Effective Proximal Methods for Non-convex Non-smooth Regularized Learning
This work addresses sparse learning in high-dimensional data, offering incremental improvements in optimization methods for machine learning practitioners.
The authors tackled the problem of non-convex non-smooth regularized learning for sparse learning by designing stochastic proximal gradient methods with arbitrary sampling, showing that independent sampling improves performance over uniform sampling and deriving a tighter convergence bound, with empirical evaluations indicating faster convergence than state-of-the-art methods.

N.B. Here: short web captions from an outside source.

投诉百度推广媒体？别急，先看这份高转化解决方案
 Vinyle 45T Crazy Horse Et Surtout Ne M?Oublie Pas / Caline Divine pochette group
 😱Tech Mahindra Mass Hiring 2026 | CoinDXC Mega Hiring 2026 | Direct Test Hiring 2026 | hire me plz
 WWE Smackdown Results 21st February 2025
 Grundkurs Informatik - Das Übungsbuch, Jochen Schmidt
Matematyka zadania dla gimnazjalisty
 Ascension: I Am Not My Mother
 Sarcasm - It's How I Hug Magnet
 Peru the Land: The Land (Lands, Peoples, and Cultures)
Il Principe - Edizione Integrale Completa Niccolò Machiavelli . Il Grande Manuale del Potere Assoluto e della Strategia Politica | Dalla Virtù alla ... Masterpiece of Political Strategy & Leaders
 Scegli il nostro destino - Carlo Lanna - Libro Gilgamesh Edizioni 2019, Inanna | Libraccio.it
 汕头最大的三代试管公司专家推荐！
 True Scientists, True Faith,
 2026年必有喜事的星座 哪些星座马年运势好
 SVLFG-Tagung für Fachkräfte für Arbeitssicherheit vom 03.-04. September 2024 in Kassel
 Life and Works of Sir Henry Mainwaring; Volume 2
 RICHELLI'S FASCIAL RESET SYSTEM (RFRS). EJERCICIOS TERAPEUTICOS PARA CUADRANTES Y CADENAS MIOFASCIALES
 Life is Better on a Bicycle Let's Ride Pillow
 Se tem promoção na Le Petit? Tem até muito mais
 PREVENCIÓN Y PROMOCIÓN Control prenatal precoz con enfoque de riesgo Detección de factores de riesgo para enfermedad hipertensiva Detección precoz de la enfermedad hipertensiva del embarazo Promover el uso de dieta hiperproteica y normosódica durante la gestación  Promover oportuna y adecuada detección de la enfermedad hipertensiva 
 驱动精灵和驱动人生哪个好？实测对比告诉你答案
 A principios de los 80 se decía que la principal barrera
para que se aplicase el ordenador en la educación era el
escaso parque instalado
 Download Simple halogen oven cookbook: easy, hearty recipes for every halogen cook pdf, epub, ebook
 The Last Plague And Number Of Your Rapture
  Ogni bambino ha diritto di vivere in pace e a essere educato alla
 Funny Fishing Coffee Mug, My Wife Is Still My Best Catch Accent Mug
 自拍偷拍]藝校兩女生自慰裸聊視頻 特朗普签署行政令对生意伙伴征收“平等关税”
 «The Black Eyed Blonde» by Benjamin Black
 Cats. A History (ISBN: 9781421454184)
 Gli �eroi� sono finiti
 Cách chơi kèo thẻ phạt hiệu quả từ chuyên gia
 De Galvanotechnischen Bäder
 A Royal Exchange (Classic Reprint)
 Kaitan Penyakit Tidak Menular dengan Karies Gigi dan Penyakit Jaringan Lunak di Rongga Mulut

Sparse learning is a very important tool for mining useful information and patterns from high dimensional data. Non-convex non-smooth regularized learning problems play essential roles in sparse learning, and have drawn extensive attentions recently. We design a family of stochastic proximal gradient methods by applying arbitrary sampling to solve the empirical risk minimization problem with a non-convex and non-smooth regularizer. These methods draw mini-batches of training examples according to an arbitrary probability distribution when computing stochastic gradients. A unified analytic approach is developed to examine the convergence and computational complexity of these methods, allowing us to compare the different sampling schemes. We show that the independent sampling scheme tends to improve performance over the commonly-used uniform sampling scheme. Our new analysis also derives a tighter bound on convergence speed for the uniform sampling than the best one available so far. Empirical evaluations demonstrate that the proposed algorithms converge faster than the state of the art.